Geopolymer concrete reinforced with basalt fiber-reinforced polymer (BFRP) is a promising alternative to conventional steel-reinforced concrete in marine environment. However, despite BFRP's longer lifespan than steel, the durability remains constrained by its degradation in high-alkalinity concrete, hindering the application of BFRP-reinforced geopolymer concrete. This study aims to develop low-alkalinity geopolymer concrete to address this challenge. To achieve this goal, the effect of initial Na/Al, Si/Al and water/binder ratios on geopolymer pore solution pH and compressive strength were investigated using response surface methodology. The developed low-alkalinity formulation was evaluated based on the performance of embedded BFRP bars in the accelerated aging test. Results showed that the most effective way to reduce geopolymer pore solution pH is increasing the initial Si/Al ratio, which is attributed to the increased Si concentration in the pore solution and the transformation of dominant anion from OH⁻ to [SiO(OH)₃]⁻. Decreasing the initial Na/Al ratio also reduces the pH by reducing the Na concentration in pore solution, but this approach is less effective. These compositional adjustments reduce N-A-S-H formation but concurrently increase the Si/Al ratio of N-A-S-H, thus maintaining enough strength.
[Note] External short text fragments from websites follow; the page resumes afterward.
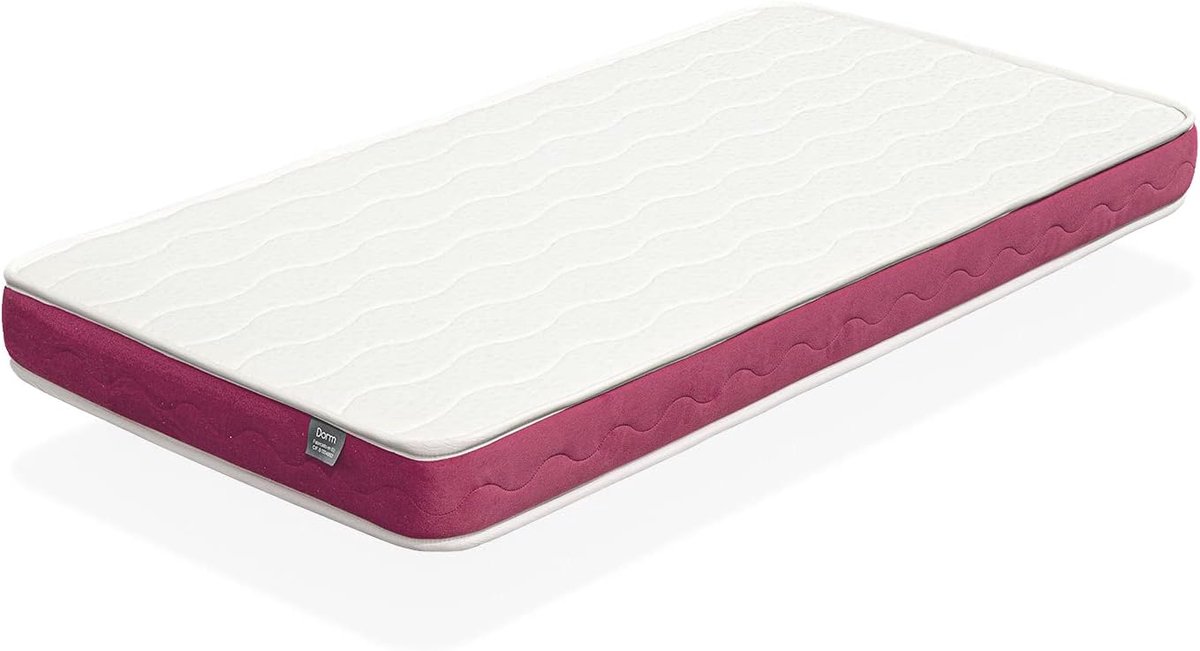 Kindermatras 70x140 cm met Geperforeerd Schuim voor Optimale Steun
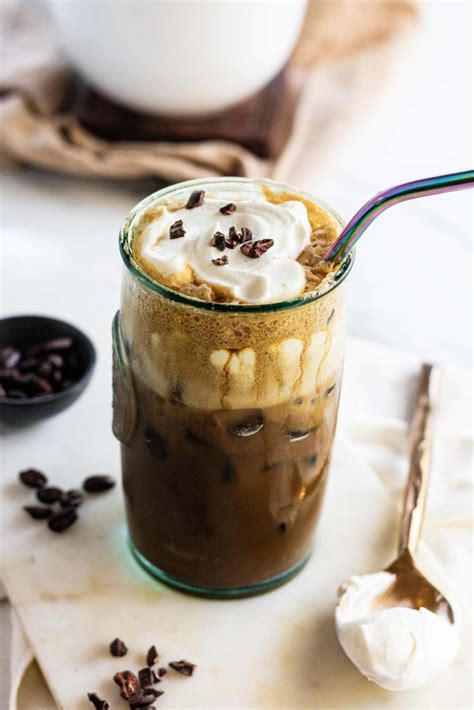 Chocolate Almond Milk Shaken Espresso Piper Cooks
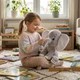 Мягкая игрушка Слоненок 34 см. серый - изображение 2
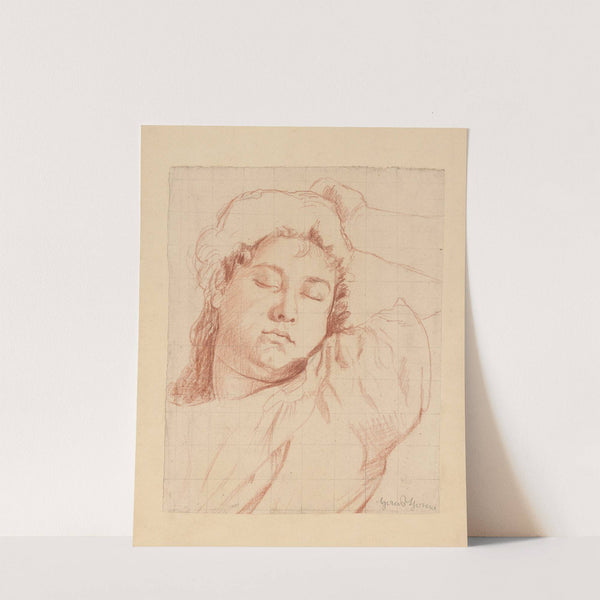 Cella, Artist’s Wife (1875) by Hans Thoma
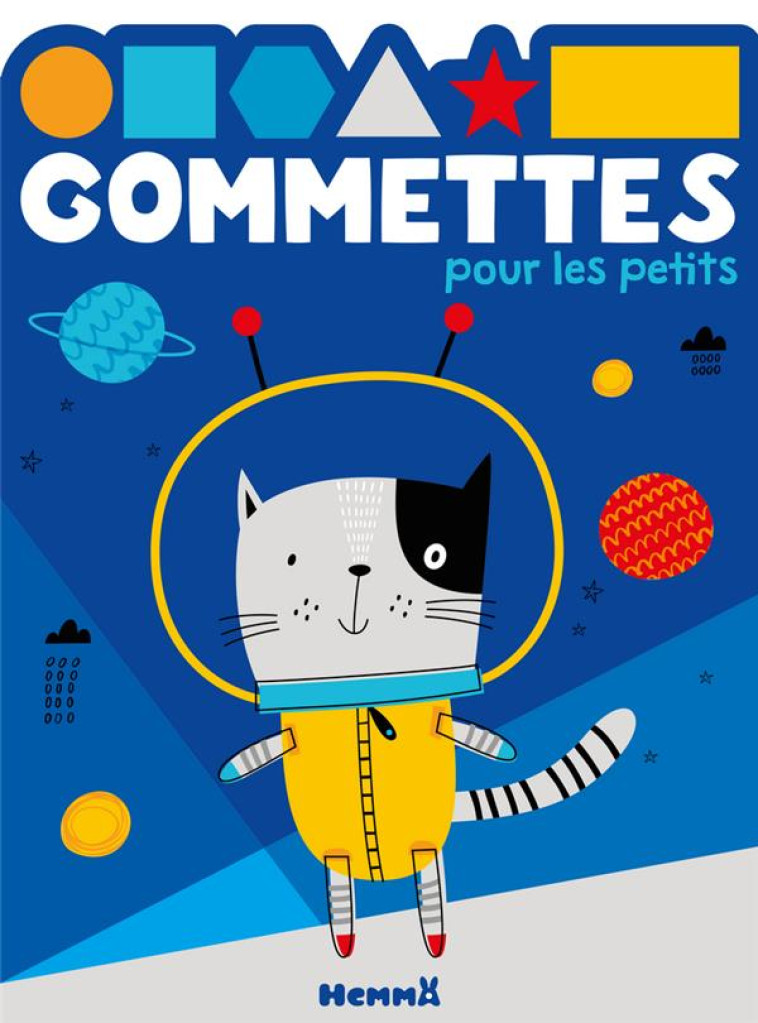 GOMMETTES POUR LES PETITS (CHA - COLLECTIF - HEMMA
The developed low-alkalinity formulation, with an initial Si/Al ratio of 2.5 and a Na/Al ratio of 0.75, achieves a pore solution pH of 12.5. The water/binder ratio has minimal impact on pH, and higher strength can be achieved by lowering the water/binder ratio. The embedded BFRP bars exhibit 17 % higher tensile strength retention compared to those in normal geopolymer concrete after 180 days at 55°C and are estimated to maintain over 70 % strength retention consistently according to the prediction equation. Enhanced BFRP durability with low-alkalinity geopolymer concrete offers a novel solution for sustainable marine infrastructure.